Data for analysis:
◆ ◆ ◆ ◆

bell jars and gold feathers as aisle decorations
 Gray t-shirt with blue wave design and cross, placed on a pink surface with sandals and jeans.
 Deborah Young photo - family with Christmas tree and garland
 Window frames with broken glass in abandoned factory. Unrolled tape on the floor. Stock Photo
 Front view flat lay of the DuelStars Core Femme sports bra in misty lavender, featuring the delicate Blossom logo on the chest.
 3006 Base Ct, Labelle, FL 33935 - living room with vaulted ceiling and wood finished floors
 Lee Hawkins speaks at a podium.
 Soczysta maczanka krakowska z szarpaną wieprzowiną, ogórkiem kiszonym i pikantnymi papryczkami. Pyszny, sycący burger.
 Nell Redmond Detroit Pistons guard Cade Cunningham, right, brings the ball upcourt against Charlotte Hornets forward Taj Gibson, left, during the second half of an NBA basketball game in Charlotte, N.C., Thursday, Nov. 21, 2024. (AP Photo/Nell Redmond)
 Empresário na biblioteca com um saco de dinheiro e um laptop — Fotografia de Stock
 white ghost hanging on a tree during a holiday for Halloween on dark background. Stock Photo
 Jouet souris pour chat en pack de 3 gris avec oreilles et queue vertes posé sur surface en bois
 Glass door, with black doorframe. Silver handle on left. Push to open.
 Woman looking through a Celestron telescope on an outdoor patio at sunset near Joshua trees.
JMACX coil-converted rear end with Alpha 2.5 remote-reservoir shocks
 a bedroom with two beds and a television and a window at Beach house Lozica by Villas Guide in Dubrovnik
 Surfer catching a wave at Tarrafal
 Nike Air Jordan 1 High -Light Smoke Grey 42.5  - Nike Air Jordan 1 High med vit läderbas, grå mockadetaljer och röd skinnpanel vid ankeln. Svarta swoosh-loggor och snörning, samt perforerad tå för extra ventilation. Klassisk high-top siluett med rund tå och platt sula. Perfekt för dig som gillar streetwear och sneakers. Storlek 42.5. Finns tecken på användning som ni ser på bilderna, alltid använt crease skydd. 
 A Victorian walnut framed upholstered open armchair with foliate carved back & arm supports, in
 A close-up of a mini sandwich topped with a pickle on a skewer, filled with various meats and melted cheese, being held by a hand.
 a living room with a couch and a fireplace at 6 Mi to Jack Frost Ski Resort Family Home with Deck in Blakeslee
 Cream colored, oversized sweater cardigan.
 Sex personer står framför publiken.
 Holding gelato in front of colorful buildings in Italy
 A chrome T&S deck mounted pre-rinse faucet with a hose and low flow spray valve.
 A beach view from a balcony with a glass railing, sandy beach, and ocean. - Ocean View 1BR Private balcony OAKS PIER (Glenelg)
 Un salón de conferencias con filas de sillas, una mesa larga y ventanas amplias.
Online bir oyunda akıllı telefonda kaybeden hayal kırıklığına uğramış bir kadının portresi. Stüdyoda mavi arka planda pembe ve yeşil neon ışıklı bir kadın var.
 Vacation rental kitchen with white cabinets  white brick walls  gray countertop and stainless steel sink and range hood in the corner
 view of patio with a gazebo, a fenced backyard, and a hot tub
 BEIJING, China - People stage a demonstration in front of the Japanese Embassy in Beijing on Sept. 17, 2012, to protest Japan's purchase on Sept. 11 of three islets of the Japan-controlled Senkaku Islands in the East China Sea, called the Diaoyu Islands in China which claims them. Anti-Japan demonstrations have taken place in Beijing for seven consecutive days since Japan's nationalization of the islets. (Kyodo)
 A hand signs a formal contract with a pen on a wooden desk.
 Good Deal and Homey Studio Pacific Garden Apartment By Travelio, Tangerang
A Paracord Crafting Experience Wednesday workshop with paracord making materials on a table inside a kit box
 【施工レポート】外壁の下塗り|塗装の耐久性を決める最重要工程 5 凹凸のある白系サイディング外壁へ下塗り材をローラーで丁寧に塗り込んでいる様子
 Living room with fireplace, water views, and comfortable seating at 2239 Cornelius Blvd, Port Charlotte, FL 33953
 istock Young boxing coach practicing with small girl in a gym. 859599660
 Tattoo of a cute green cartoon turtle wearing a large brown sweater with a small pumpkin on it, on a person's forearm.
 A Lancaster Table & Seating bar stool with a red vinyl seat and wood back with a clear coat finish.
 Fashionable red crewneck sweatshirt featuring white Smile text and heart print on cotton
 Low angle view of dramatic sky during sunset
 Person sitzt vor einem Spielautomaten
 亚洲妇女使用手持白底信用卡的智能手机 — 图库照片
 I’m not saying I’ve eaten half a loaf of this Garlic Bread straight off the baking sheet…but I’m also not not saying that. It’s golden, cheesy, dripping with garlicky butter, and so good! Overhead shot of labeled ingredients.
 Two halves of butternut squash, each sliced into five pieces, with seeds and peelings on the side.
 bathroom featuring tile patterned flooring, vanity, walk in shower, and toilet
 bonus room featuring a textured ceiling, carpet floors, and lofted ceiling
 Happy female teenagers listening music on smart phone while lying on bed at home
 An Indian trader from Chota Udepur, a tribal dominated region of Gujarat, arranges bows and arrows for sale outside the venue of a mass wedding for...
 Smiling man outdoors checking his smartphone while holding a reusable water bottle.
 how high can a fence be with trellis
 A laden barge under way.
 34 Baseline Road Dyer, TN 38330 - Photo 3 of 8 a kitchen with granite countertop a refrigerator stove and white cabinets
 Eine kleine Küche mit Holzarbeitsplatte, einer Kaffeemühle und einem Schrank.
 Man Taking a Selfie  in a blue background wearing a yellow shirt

◆ ◆ ◆ ◆

What you need to do: Copy back the listing above exactly, but only from the line with "I’m not saying" through the line with "Smiling man outdoors", both ends included.

Response to the exercise:
 I’m not saying I’ve eaten half a loaf of this Garlic Bread straight off the baking sheet…but I’m also not not saying that. It’s golden, cheesy, dripping with garlicky butter, and so good! Overhead shot of labeled ingredients.
 Two halves of butternut squash, each sliced into five pieces, with seeds and peelings on the side.
 bathroom featuring tile patterned flooring, vanity, walk in shower, and toilet
 bonus room featuring a textured ceiling, carpet floors, and lofted ceiling
 Happy female teenagers listening music on smart phone while lying on bed at home
 An Indian trader from Chota Udepur, a tribal dominated region of Gujarat, arranges bows and arrows for sale outside the venue of a mass wedding for...
 Smiling man outdoors checking his smartphone while holding a reusable water bottle.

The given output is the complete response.